Another bonus is the moral and spiritual formation that takes place in a residential, Christian academic community. That’s not part of the job description at a research university. There’s a great book by Harvard Graduate School of Education professor Julie Reuben called The Making of the Modern University. Reuben traces the rise of the research university model of education. Prior to that movement, it had been the responsibility of college faculty to ensure the moral and spiritual development of their students. The research university model comes along — first the German research universities, then Johns Hopkins, then Harvard and Columbia morph — and suddenly it’s not the faculty’s job to think about moral and spiritual formation. Their job is to produce knowledge, to add to the edifice of human information.

When you look at a biblical model of education, you see that education is about the life of the mind, but it’s about more than that. It’s about renewing the mind so that your whole life is changed. That happens when you live in a community of people who are all working together to shape their minds and their hearts and their habits in a particular direction.

This is one of those areas where it’s too easy for Christians to say, “Well, that’s what higher education in the world is, so we’ll just assume that’s how it’s supposed to work.” We need to step back and ask: Is education just the dissemination of information and teaching some skills? People ask me sometimes if online education threatens Christian colleges. I think online education threatens big state universities. I think that because they don’t even claim to form the person. They’ll just dump a bunch of information into you — as if you’re a disembodied mind sitting in the classroom — hoping you’ll retain enough of it to get a job so they’ll look good in the next year’s U.S. News & World Report. I don’t think a biblical model of education allows us to think that way.

Among Christian colleges, what would be unique about Covenant?

A Christian college with confessional commitments allows faculty and students to move beyond some baseline questions and to delve deeper — there are certain questions that we’re not having to fight about within the faculty, within the student body. We accept these confessional statements to be accurate representations of biblical truth; we don’t have to debate about these things. That frees us up to focus on other, deeper questions. That presents some real advantages.

How do you see the relationship of Covenant to the PCA? What does the college bring to the denomination? And what does the denomination bring to the college? 

I would love to see that relationship become stronger. It’s humbling to interact with some of my Dutch brethren on the West Coast. They often wonder why the CRC [Christian Reformed Church] has Calvin [College] — which has 4,000 undergrads — as well as three other affiliated colleges where a certain portion of the board is elected by regional classes [similar to presbyteries]: Dordt College, Trinity Christian College, Redeemer University College in Ancaster, Ontario.

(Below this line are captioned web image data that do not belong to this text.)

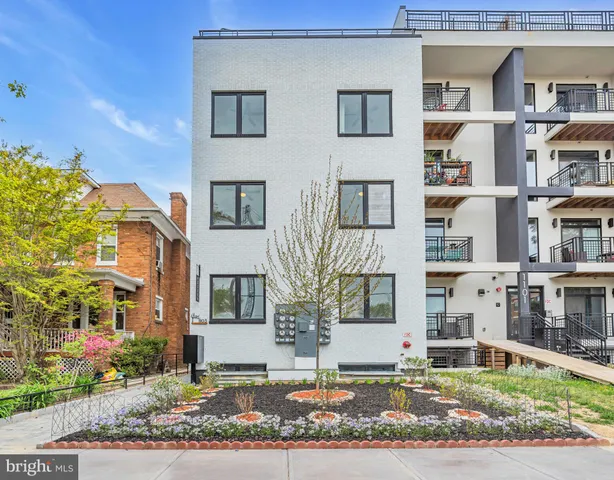 a front view of a residential apartment building with a yard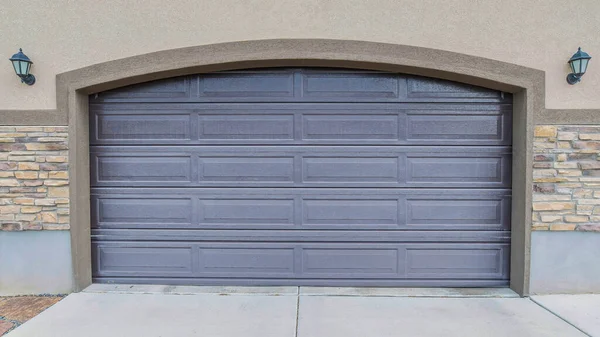 Panorama Exterior de una puerta de garaje gris arqueado con dos lámparas de pared en el lateral — Foto de Stock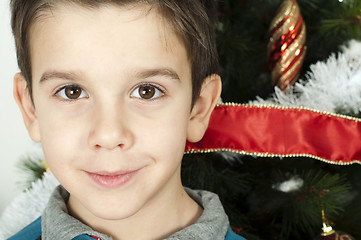 Image showing Happy children in front of Christmas tree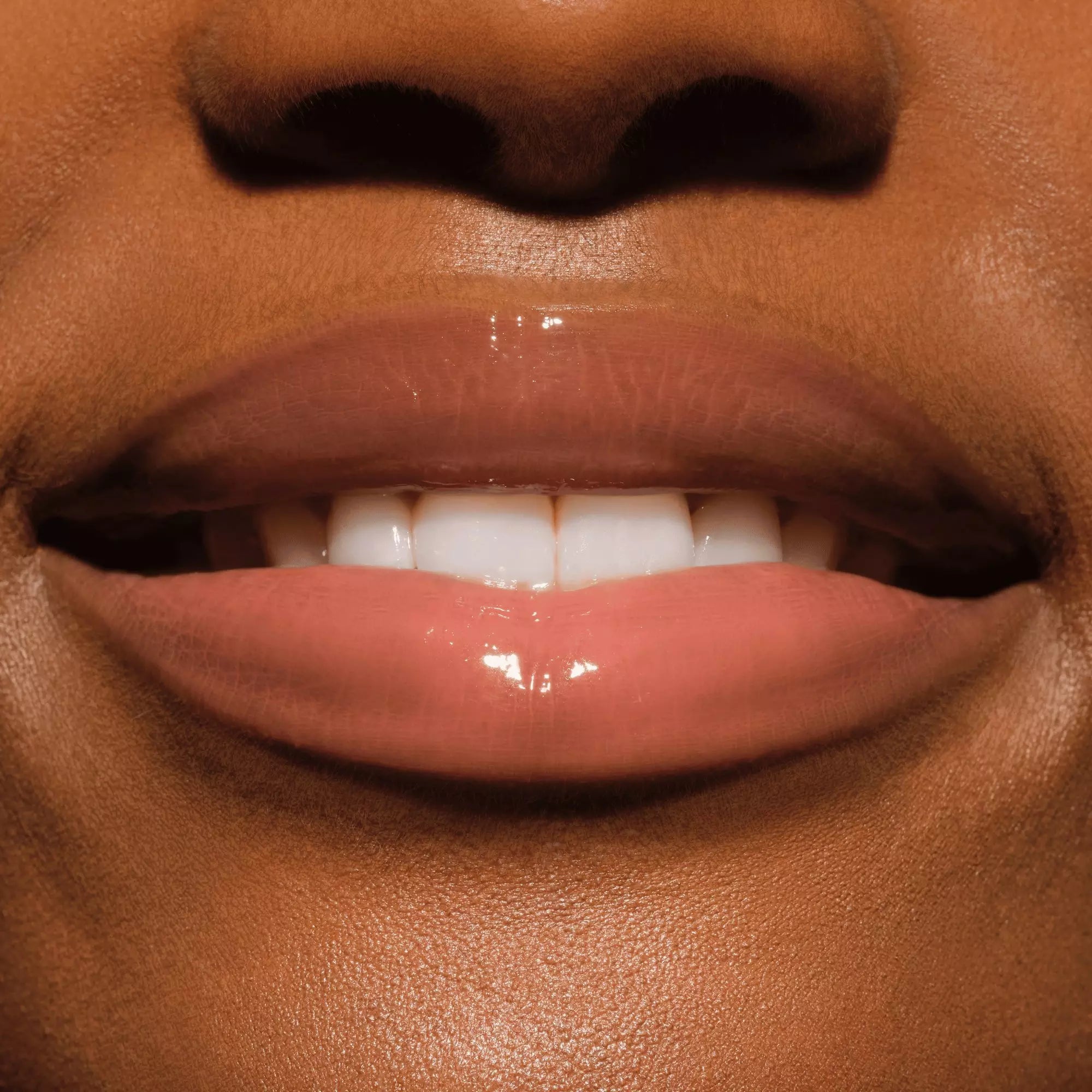Hand applying Catrice Butter Drippin’ Glossy Lip Balm 020 Maple Latte warm nude shade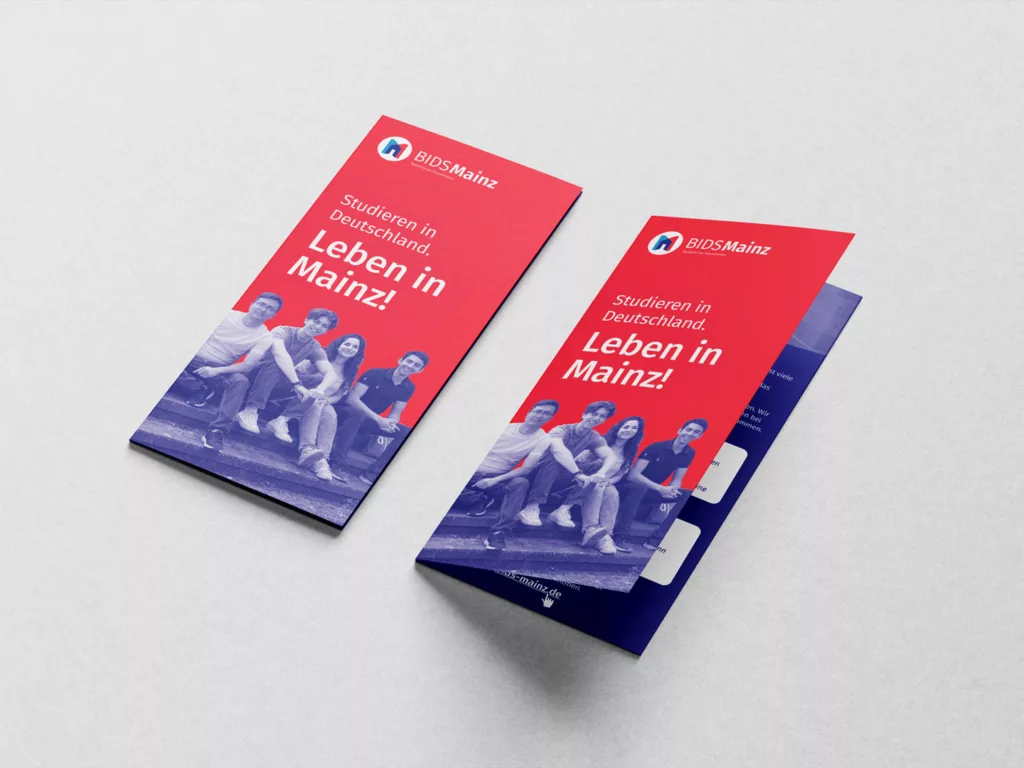 Zwei rote Flyer mit der Aufschrift Studieren in Deutschland Leben in Mainz und einem Bild von vier jungen Menschen, die auf einer Treppe sitzen.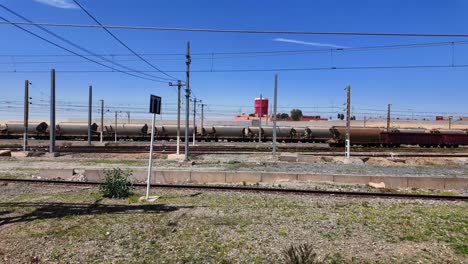 Passing-by-rail-in-industrial-hub-Morocco,-between-Marrakesh,-Casablanca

Some of my Dutch brethren wonder how it is that the CRC has four colleges with 4,000 students, 1,400 students, 1,300 students, and 900 students, while the PCA’s got one: a single campus with 1,000 students.

That tells me that Covenant has to do a much better job of presenting itself to the PCA. We have to do a better job of helping folks understand the benefits of a Reformed Christian college.

My brother, the one who teaches at what we call in our family the “other” Presbyterian college [Princeton], is a Covenant alum. He had a student who wanted him to supervise his junior thesis. The student wanted to write on the philosophy of religion and had concluded that my brother was a Christian, so it made sense. My brother asked about his background, about the theological and denominational tradition he was coming out of. The student explained that he was Presbyterian, that he was part of a small denomination, one my brother probably hadn’t heard of, the PCA.

“That’s outstanding,” my brother told him. “I went to Covenant College.”

The student, obviously puzzled, looked at him and asked, “What’s Covenant College?”

So yes, as much as we’ve tried in the past, Covenant still needs to do a much better job of presenting itself to the denomination.